··· DATASET SECTION

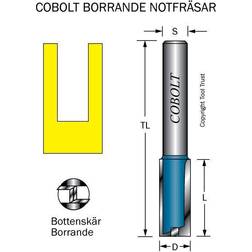 Cobolt Notfräs D=8 L=20 TL=62 S=8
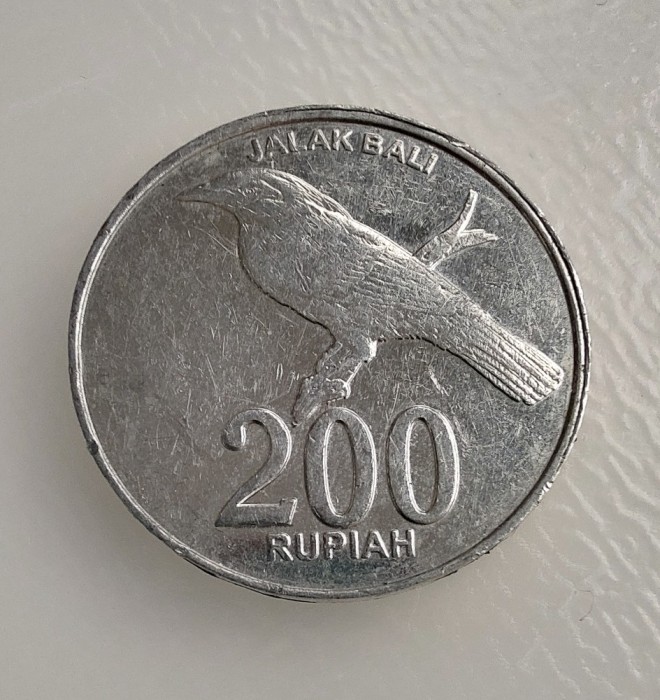 Indonezia - 200 Rupiah 2003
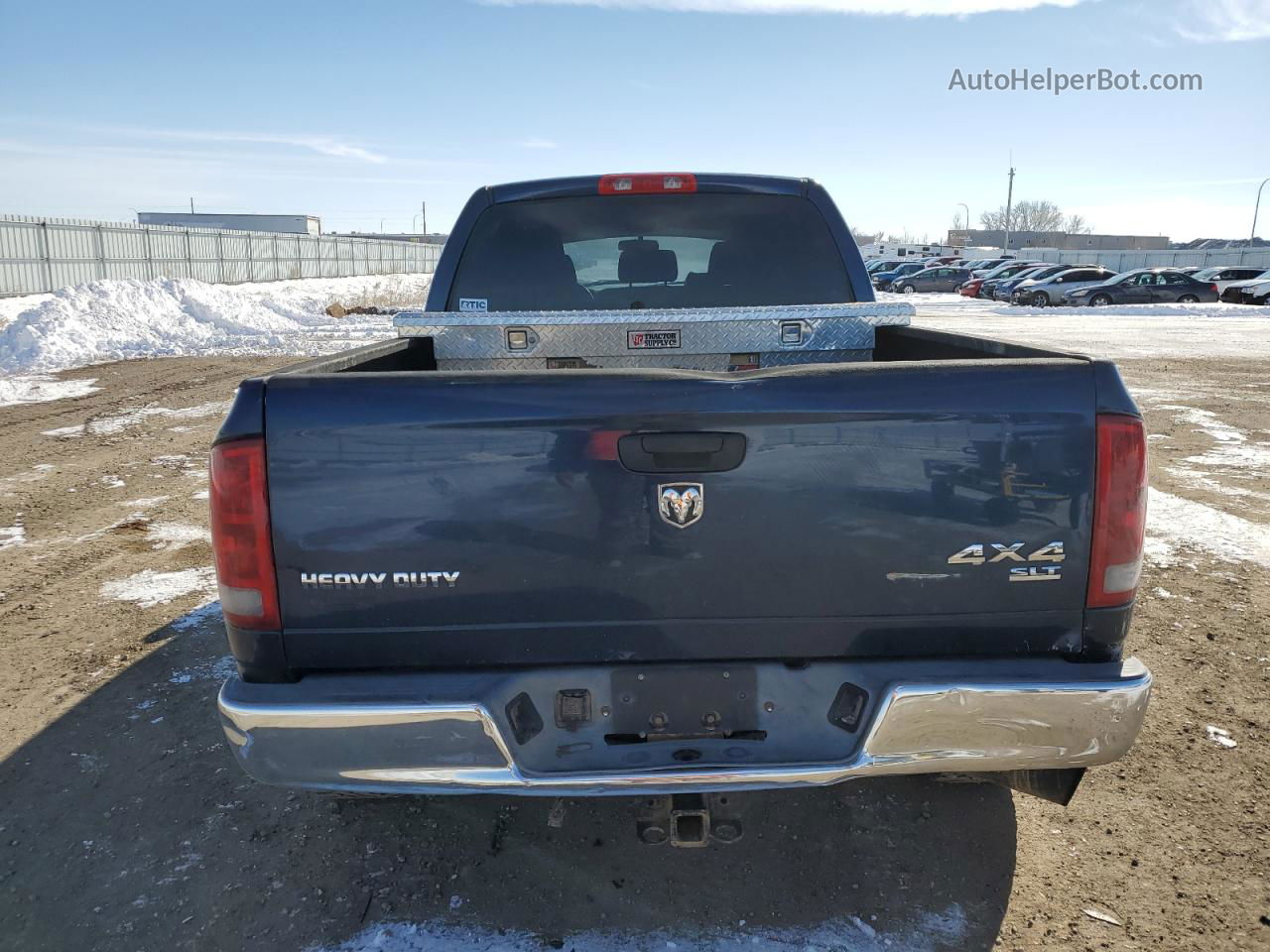 2006 Dodge Ram 2500  Blue vin: 3D7KS29C96G165129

······

» WHAT NEEDS TO BE DONE:
Take the data above and set it down exactly, images excluded.

» RESULT OF THE TASK:
 Cobolt Notfräs D=8 L=20 TL=62 S=8
 Indonezia - 200 Rupiah 2003
 2006 Dodge Ram 2500  Blue vin: 3D7KS29C96G165129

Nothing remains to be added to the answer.